Climate classification: a historical perspective

E. Linacre

4/'00

The Greek origin of the word 'climate' relates to the Sun's declination. The seasonal variation of this declination depends only on latitude. Egyptian and Helenistic writers were aware of the profound effect of latitude on climate. The modern distinction between climatic regions is rooted primarily in the efforts of several German scientists during the last 2 centuries. In 1817 Alexander von Humboldt drew annual-mean temperatures on a world map. Wladimir Koeppen (1846-1940) refined this map and plotted seasonal temperature range in 1884, leading to his climate classification (Section 16.2 in the book). This classification followed that of plants (by Carolus Linnaeus in 1735) and that of clouds (by Luke Howard in 1802), being likewise hierarchical, with major categories subdivided, and then subcategories divided again, and so on. In fact Koeppen had initially studied botany at St Petersburg, later completing a Ph.D. at Heidelberg on the effect of temperature on plant growth. At the highest level his system is based on five sets of temperature limits. These were developed from his categorisation in 1884 of thermal zones suited to various kinds of vegetation. He refined his system several times, notably in 1918 and in 1936 (at the age of 90).

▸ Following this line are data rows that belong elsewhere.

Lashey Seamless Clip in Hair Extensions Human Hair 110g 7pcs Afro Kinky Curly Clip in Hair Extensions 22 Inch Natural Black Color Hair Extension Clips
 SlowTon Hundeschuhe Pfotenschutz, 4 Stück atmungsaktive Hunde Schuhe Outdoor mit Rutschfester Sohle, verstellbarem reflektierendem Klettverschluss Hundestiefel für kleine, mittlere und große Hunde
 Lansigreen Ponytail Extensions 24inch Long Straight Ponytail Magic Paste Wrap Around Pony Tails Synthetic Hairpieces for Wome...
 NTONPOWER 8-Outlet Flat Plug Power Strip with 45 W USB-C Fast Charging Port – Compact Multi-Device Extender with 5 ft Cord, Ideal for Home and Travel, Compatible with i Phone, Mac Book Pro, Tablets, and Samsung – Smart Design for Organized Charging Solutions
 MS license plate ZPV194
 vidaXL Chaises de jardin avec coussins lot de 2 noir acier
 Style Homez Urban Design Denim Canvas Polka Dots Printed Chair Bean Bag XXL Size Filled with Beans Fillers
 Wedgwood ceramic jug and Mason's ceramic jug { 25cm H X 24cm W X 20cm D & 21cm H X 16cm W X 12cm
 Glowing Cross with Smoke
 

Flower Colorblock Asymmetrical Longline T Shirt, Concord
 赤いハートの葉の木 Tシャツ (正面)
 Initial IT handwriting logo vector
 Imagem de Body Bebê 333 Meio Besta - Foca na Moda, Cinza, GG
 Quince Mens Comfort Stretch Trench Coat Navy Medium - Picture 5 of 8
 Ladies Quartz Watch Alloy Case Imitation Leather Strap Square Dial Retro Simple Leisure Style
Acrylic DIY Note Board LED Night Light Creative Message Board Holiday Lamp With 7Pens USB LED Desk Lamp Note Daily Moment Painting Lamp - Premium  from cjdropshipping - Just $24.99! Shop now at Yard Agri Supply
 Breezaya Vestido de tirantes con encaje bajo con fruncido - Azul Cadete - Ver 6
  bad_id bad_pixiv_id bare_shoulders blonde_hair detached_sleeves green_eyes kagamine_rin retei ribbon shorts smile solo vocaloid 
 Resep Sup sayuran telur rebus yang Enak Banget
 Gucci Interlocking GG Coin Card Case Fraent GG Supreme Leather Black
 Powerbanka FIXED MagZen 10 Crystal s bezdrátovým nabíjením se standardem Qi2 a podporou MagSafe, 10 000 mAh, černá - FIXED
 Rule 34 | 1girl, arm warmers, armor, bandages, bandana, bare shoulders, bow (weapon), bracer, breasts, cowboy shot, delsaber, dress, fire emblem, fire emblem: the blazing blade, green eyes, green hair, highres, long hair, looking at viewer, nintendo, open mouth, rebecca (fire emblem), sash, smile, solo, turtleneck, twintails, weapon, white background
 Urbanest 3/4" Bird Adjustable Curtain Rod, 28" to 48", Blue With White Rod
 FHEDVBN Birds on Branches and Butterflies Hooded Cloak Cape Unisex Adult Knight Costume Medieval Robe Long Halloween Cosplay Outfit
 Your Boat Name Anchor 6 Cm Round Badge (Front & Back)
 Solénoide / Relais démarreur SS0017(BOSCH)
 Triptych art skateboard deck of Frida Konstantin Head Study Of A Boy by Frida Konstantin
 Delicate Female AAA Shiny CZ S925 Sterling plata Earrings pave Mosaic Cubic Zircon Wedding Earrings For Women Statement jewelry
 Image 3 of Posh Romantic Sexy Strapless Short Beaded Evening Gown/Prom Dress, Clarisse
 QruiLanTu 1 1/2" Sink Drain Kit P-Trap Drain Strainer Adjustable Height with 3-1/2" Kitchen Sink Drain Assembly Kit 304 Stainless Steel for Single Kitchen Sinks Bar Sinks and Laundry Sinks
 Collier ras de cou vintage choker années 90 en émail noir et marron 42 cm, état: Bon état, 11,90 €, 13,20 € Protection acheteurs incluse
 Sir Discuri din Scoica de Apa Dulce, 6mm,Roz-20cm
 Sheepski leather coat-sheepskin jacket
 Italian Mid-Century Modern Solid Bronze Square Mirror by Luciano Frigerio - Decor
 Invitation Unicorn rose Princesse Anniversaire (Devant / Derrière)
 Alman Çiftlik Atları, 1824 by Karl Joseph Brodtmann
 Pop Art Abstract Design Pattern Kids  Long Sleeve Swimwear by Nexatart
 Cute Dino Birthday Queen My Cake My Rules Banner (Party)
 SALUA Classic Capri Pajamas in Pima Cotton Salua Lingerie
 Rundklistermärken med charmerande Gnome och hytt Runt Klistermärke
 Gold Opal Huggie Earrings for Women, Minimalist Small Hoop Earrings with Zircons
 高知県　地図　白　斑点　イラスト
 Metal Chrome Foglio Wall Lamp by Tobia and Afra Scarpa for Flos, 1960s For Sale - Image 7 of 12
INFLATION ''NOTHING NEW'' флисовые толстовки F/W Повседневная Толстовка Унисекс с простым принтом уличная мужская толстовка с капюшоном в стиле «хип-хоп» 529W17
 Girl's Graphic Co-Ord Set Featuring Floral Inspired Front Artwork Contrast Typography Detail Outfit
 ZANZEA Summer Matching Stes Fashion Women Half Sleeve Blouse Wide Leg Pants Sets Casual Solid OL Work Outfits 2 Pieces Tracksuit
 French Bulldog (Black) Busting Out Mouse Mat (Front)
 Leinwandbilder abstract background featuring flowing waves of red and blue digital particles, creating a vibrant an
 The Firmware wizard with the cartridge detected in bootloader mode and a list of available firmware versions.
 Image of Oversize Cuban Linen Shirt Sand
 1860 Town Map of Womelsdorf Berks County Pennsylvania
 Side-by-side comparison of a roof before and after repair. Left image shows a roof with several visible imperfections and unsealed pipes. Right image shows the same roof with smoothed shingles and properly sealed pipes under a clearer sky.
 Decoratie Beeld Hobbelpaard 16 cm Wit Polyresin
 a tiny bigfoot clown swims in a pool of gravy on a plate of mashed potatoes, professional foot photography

In 1924 Koeppen accompanied son-in-law, the meteorologist Alfred Wegener (1880-1930), in moving from Germany to Graz in Austria. Wegener had been ostracised by Germany's universities because of his theory of continental drift. In Graz, Koeppen deduced geological climates in support of the theory. Also, he became associated with Rudolf Geiger (1894-1981) and collaborated with him in producing the 1936 system of climate classification. Geiger was later responsible for further revisions. Geiger established the discipline of microclimatology as he collected a wealth of observations to understand 'the climate near the ground' (to quote the title of his book, translated into English in 1960), and its variations due to topography and land use.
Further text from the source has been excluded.